Bu nedenle, Uluslararası Af Örgütü, BM İnsan Hakları Konseyi’ni, ileride yargılamaların yapılabilmesi için, geri itmeler bağlamında Afganistanlılara karşı işlenen suçlar dahil olmak üzere, İran’da işlenen uluslararası hukuk uyarınca en ciddi suçlara ilişkin kanıtları toplamak ve incelemek üzere bağımsız bir soruşturma ve hesap verebilirlik mekanizması kurmaya çağırıyor.

Alıkoyma ve işkence

İran’a veya Türkiye’ye girdikten sonra durdurulan ancak anında geri itilmeyen görüşmecilerin neredeyse hepsi keyfi olarak alıkonuldu. Alıkonulma süresi bir-iki gün ile iki buçuk ay arasında değişiyordu.
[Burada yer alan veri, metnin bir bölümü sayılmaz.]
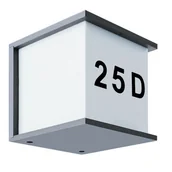 Lampy ogrodowe - Ideus Struhm Kinkiet zewnętrzny z numerem domu MAXIM E27 03687 - miniaturka - grafika 1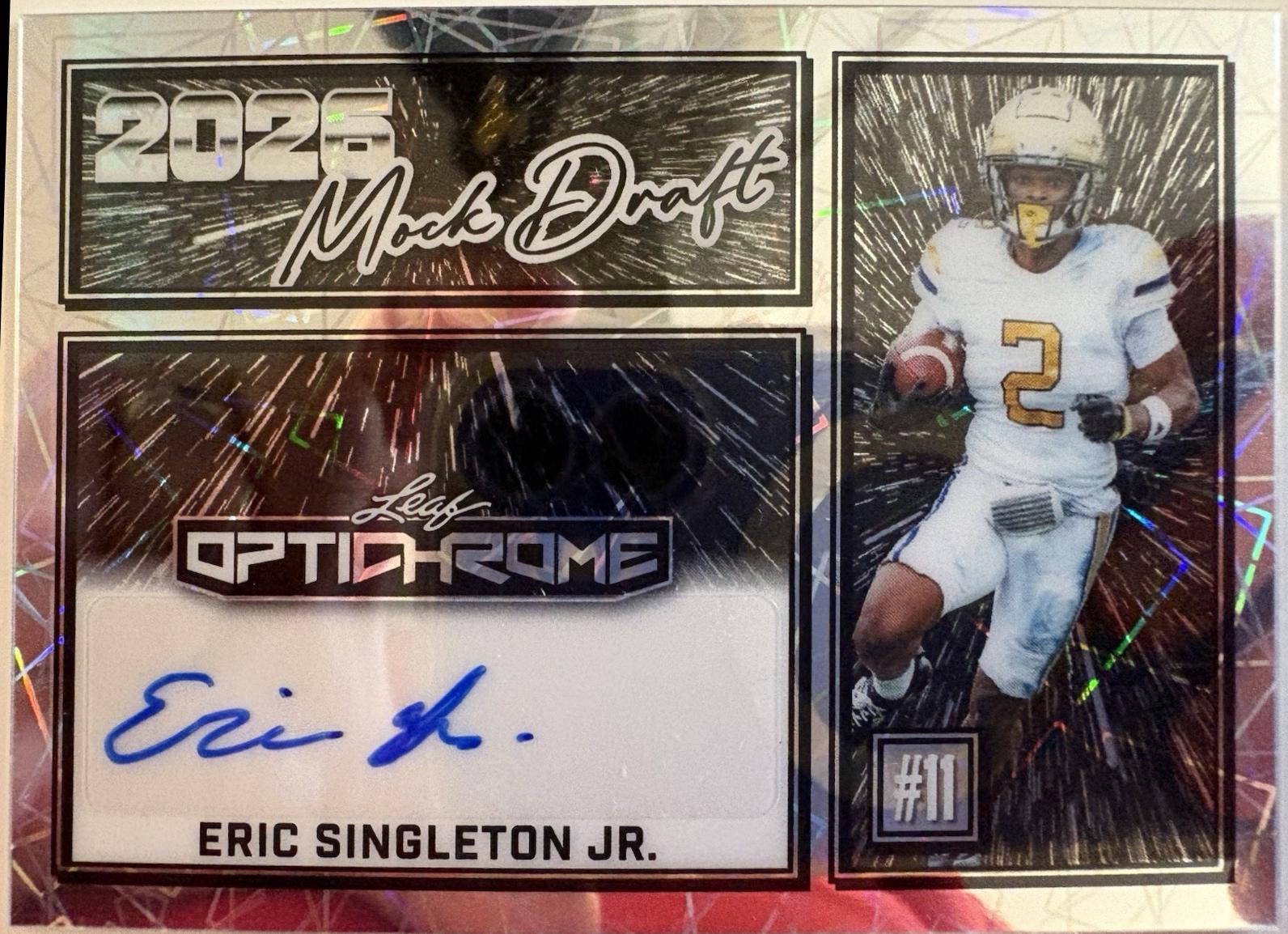 Eric Singleton Jr. [Lazer Silver] #MA-ESJ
23 kişi İran’da, 21 kişi ise Türkiye’de gözetimde tutuldukları sürede işkence ve diğer türde kötü muamele kapsamına girebilecek muameleyi tarif etti.
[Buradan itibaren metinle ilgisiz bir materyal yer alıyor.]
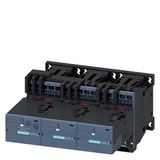 Contactor assembly for star-delta (wye-delta) start AC-3, 11 kW/400 V, 24 V AC 50/60 Hz,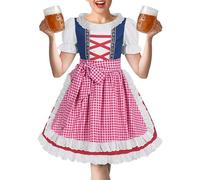 Vestido de disfraz de Oktoberfest para niñas - Vestido de disfraz de Oktoberfest 2024 para niños, disfraz de Oktoberfest para niñas, disfraz de mucama, disfraz bávaro para niñas, disfraz de Oktoberfes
Hamid, alıkonuldukları süre içinde Türkiye güvenlik güçlerinin kendisini ve arkadaşını nasıl dövdüğünü şöyle anlattı:

“Polislerden birisi arkadaşıma silahının kabzasıyla vurdu, sonra bir başka polis onun üzerine, sanki bir sandalyeye oturuyormuş gibi oturdu. Öylece üzerine oturup sigarasını yaktı. Daha sonra benim de bacaklarıma silahıyla vurdu.”

Uluslararası Af Örgütü’nün görüştüğü birçok kişi, ateşli silahlarla yaralandıktan sonra İran’da alıkonulmuştu.
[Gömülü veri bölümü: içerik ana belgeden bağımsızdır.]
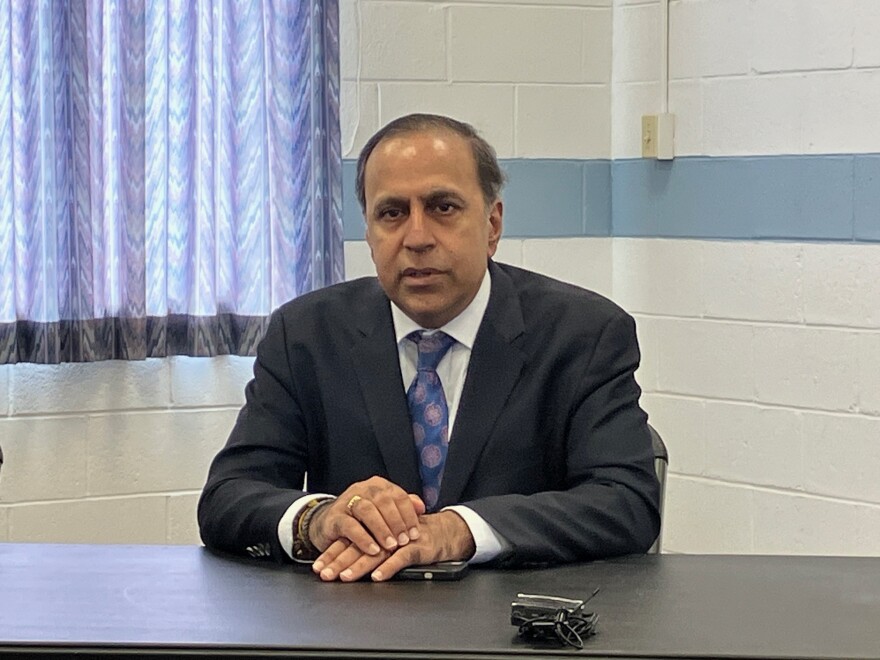 Congressman Krishnamoorthi, who's represented Illinois' 8th Congressional District since 2017, spoke at a housing roundtable Wednesday morning in Moline.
Amir, Türkiye güvenlik güçleri tarafından sıkılan ve başını sıyırıp geçen bir kurşunla yaralandı. İran’a geri itildikten sonra İran güvenlik güçleri Amir’i alıkoydu ve başına vurdular. Amir yaşadıklarını şöyle anlattı:

“Doğrudan yaramın olduğu yere vurdular ve yaram tekrar kanamaya başladı… Bir keresinde ‘Lütfen başıma vurmayın’ dedim. [Alıkoyma merkezindeki] bir güvenlik görevlisi bana ‘Neresi?’ diye sordu. Ona neresi olduğunu gösterdiğimde, tam gösterdiğim yere vurdu.”

Türkiye yetkililerinin hukuka aykırı olarak geri gönderdiği 11 Afganistanlı, Türkiye’de, inşaatı kısmen AB tarafından fonlanan altı geri gönderme merkezinden birinde alıkonulmuştu.

Uluslararası koruma sağlanmadı

Uluslararası Af Örgütü’nün görüştüğü Afganistanlının hiçbiri ne İran’da ne de Türkiye’de uluslararası koruma başvurusunda bulunabildi. Görüşmeciler, yetkililere, Afganistan’a geri gönderilmeleri halinde insan hakları ihlallerine maruz kalma konusunda ciddi risk altında olacaklarını anlatmaya çalışsalar da korkularının göz ardı edildiğini belirttiler.

İran güvenlik güçleri, alıkonulan kişileri otobüsle Afganistan sınırına naklederken, Türkiye güvenlik güçleri de onları genellikle resmi olmayan sınır kapılarından İran’a nakletti.

Türkiye’den sınır dışı edilenlerden 10 kişi uçakla doğrudan Afganistan’a geri gönderildi. Türkiye, Ocak 2022 sonunda Afganistan’a charter uçuşları yeniden başlattı. Nisan sonunda, Türkiye Göç İdaresi Başkanlığı resmi internet sayfasında 6 bin 805 Afganistan vatandaşının charter seferlerle ülkelerine geri gönderildiğini açıkladı.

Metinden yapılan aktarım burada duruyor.